En outre, il ressort que les nombreuses résolutions du Conseil de sécurité et les déclarations de son président ne sont pas appliquées par les Etats et surtout par les belligérants. Elles sont simplement ignorées par les parties prenantes à qui incombe pourtant la pleine responsabilité de leur application.
Enfin, et ce n'est pas limitatif, les mécanismes d'alerte mis en place dans les missions d'opération de maintien de la paix montrent leur limite à protéger efficacement les femmes et les filles en période de conflits armés.
Pour toutes ces raisons, il importe que les mesures déjà prises par les Nations Unies soient renforcées pour assurer le respect de tous les instruments et résolutions pertinents, à travers notamment l’engagement ferme de la responsabilité des Etats et de tous les protagonistes des conflits dans les cas de violations graves des droits de l’homme.
Il faudrait surtout ériger l’impunité en règle, et à cet égard, les Nations Unies devraient aider les Etats à mettre en place des mécanismes de coopération appropriés, notamment à travers des accords bilatéraux ou régionaux d’extradition des auteurs.

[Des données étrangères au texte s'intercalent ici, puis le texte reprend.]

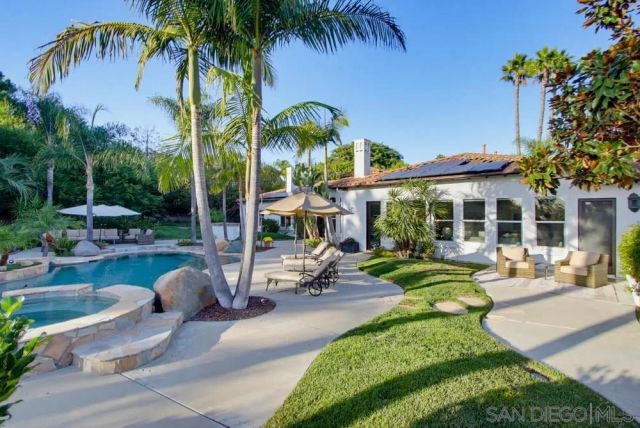 13635 Antelope Station, Poway, CA 92064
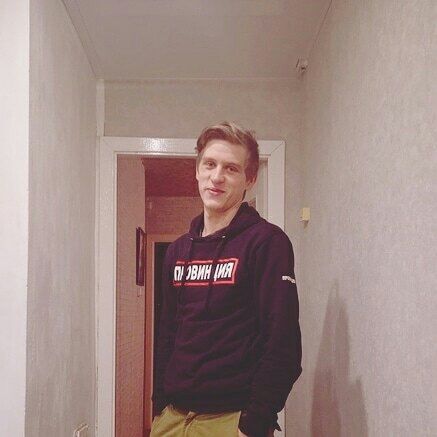  28892205  Alexander, 24 ,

De même, il faudrait mettre en place des mécanismes efficaces qui prennent en comptes les besoins des femmes victimes de violence sexuelle, souvent abandonnées à leur sort.
Madame la présidente,
La communauté internationale, et surtout les Nations Unies doivent s'impliquer davantage, sur le plan juridique, dans la recherche de solutions à la commission et à la poursuite des actes horribles et répréhensibles que sont les violences sexuelles, particulièrement le viol. Cela implique qu'il faut encourager le recours aux tribunaux nationaux et/ou internationaux compétents pour appréhender les auteurs et lutter contre l'impunité.

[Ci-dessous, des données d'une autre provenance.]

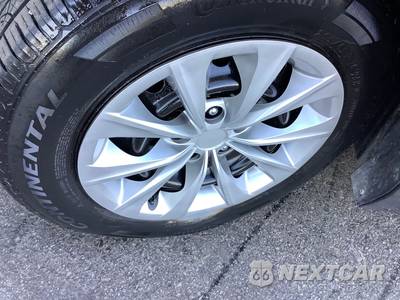 2015 Toyota Camry LE - zdjęcie 34 z 42 - miniatura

Malheureusement, dans ce domaine, la justice éprouve elle-même quelques difficultés à se matérialiser pour des raisons suivantes, entre autres :
- le système judiciaire est souvent caractérisé par sa lenteur et son manque d'indépendance;
- les commissions d'enquêtes internationales ne disposent pas toujours de moyens adéquats pour établir les faits objectifs ;
- le manque de coopération entre les Etats et les juridictions internationales, en matière d'exécution des mandats d'arrêt et autres décisions ;
Madame la Présidente,
Malgré toutes ces difficultés et entraves, il y a lieu de constater que des actions courageuses sont menées par les Nations Unies, notamment ONU-Femmes, le Département des Opérations de maintien de la paix, et nombre d'Organisations internationales et non gouvernementales.

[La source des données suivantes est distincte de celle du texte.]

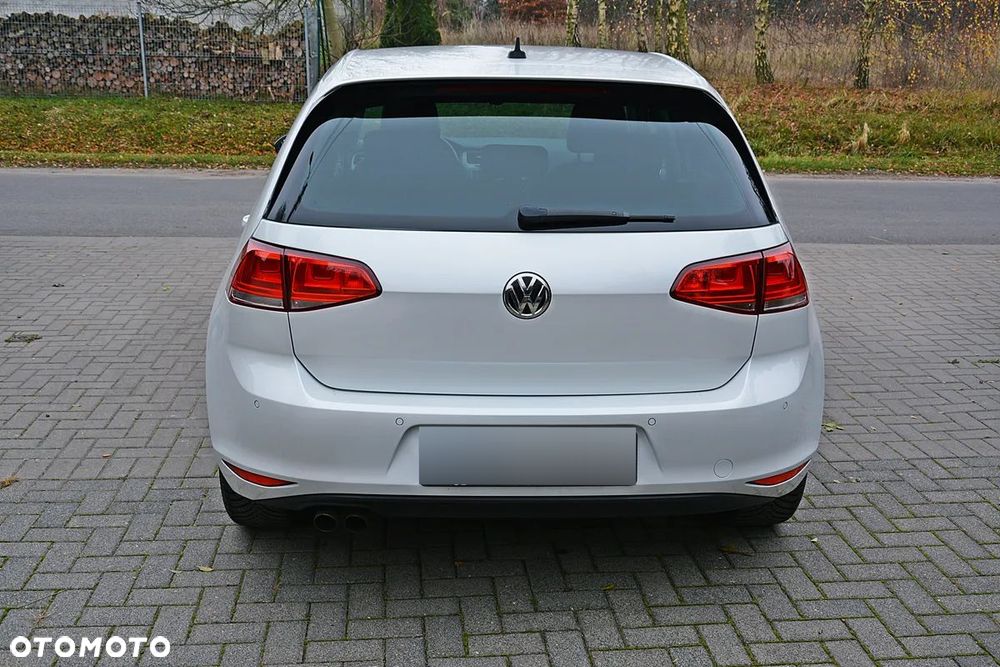Volkswagen Golf - 14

Le Togo salue donc tous ces efforts fournis pour lutter contre ce fléau et accueille avec satisfaction les recommandations contenues dans le rapport du Secrétaire général S/2013/149. Il estime aussi que la communauté internationale devra se mobiliser davantage pour mettre fin à ce mal comme elle le fait dans le cadre de la lutte contre les graves maladies. A cet égard, plusieurs mesures devraient être prises tendant à:
- promouvoir les changements dans les comportements socioculturels des femmes et des hommes en vue d'éradiquer les préjugés, les coutumes, les traditions et toute autre pratique fondés sur l'idée de l'infériorité des femmes, et donc à leur utilisation comme des objets en période de conflit armé;
- encourager tous les membres de la société, en particulier les hommes et les garçons, à contribuer activement à la prévention de toutes les formes de violences en tant de paix;
-promouvoir ou conduire régulièrement, et à tous les niveaux, des campagnes ou des programmes de sensibilisation pour accroitre la prise de conscience et la compréhension, par le grand public, des différentes manifestations et conséquences des formes de violence faites aux femmes, particulièrement les violences sexuelles qui ont de graves conséquences sur les femmes elles- mêmes, la société et le développement;
- promouvoir la coopération entre les juridictions internationales et les tribunaux nationaux en vue de poursuivre, d'arrêter et de traduire en justice, les auteurs de violences afin de mettre fin à la culture de l'impunité.